Not sure if it's helpful, but I've dug out the original driver software for the generic PVGA1A..

Re: 286 USIT Athena PC

Thanks, will try with this.

Olivetti built their own in early 80s, these are GO317/318 and GO380, built for M24 and related M21 and M28.

I think Olivetti picked up Paradise back then as a chip vendor to minimize the cost of development of a bunch of adapters they needed to have to support a bunch of standards active in the mid to late 80s, because the above were built around CGA CRTC only. PVC2/4 support Hercules, CGA, Plantronics, etc.

In late 80s they had an extra half dozen GO's available for EGA, VGA, and PGC for their standard AT 286 systems. I'm not sure about PGC but EGA and VGA were ran by Paradise, and platforms having onboard graphics also had Paradise. One of their last 286s to be built had a Matrox onboard option beside Paradise. I believe this is the last Paradise-Olivetti system, as further 386,486 and Pentiums used regular SVGA chips from SiS, Cirrus Logic, Trident, Matrox, ATi, from what I've seen personally, there are probably S3 systems, and so on.

So after 386 Olivetti just has a bog standard VGA.

About this GO481 comparing the bios dump to standard PVGA could tell us something, but I think they're mystifying it due to rareness of original Olivetti expansion cards. Some of these had to perform a secondary electric or signalling usage for a custom 16-bit bus, some conformed to form factors available only in Olivetti boxes. For example M19 has a bunch of original cards made for it, SCSI controller, modem, some arhaic LAN card, usual stuff. These are extremely rare. Each of these is worth about the same as the entire machine. But this PVGA? Nah. They are available on ebay for fair price. I got mine for 40 euro on ebay a month ago. Any of the original cards for non-AT Olivetties is worth minimally 5 times more.

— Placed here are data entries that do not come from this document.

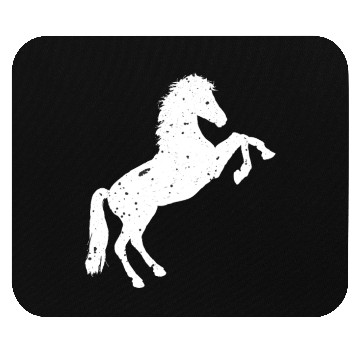 Discover Rising Wild Horse Mouse Pads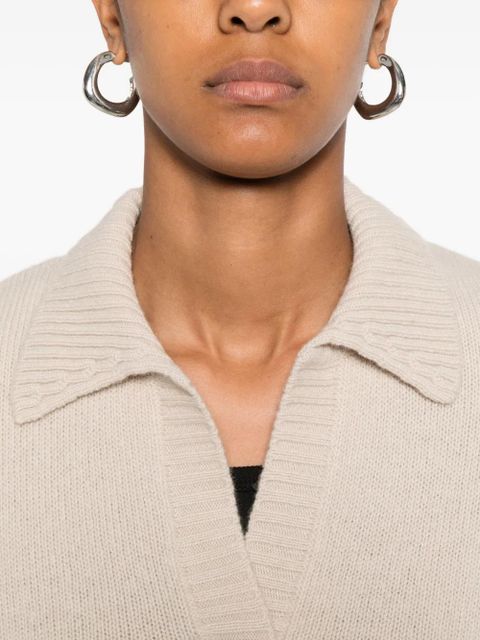 Weekend Max Mara v-neck sweater - Neutrals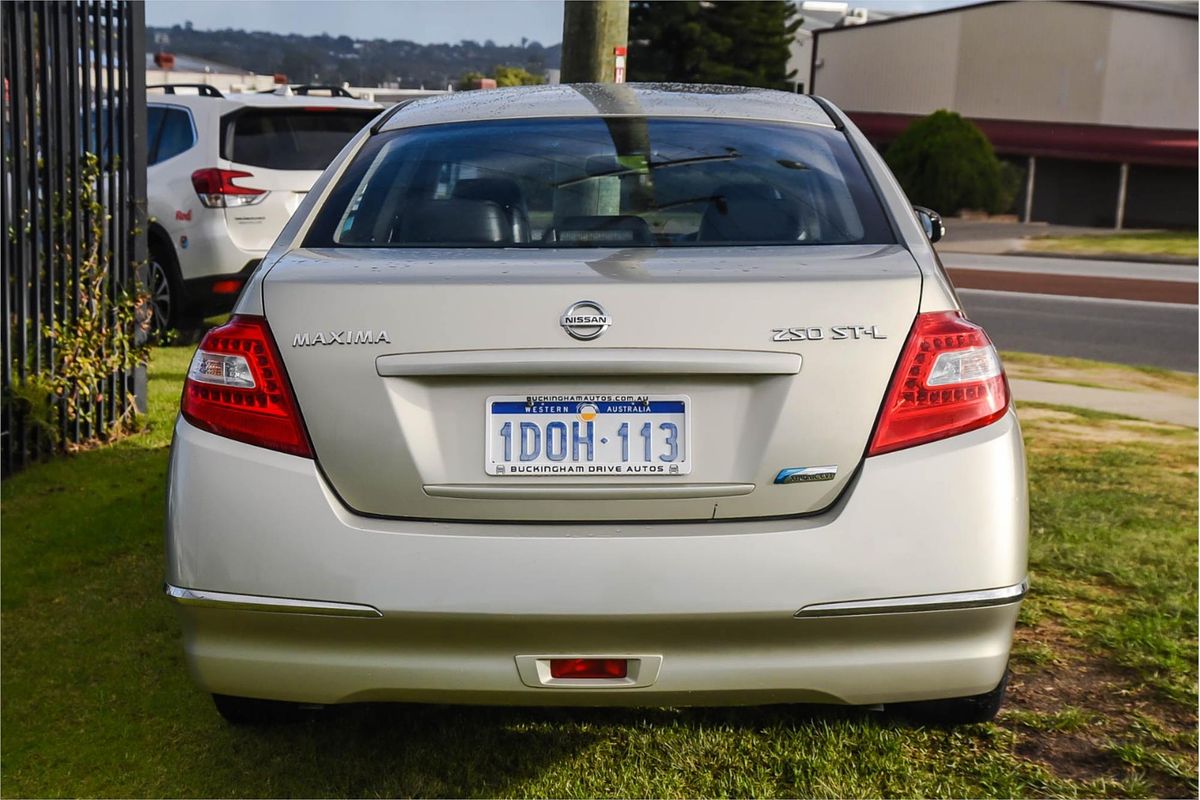 2011 Nissan Maxima 250 ST-L J32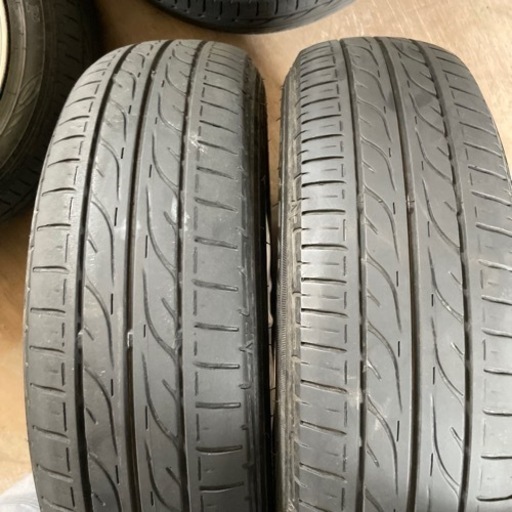 ダイハツ　純正　14インチ ホイール　4本セット　タイヤおまけ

Well I just wanted to drop in Oli VGA instead of Trident so everything is kinda 'original' and in same era (M19 is '86 card is '88), looks like there's further investigation to do. The fun with Olivetti never stops.
I really don't know why put logic chips in there, 286 PVGA onboard is a straight solution, there is no 'custom BIOS stuff', and you can insert any 16bit ISA VGA in said 286 machines by setting a jumper on board like you would on any other computer.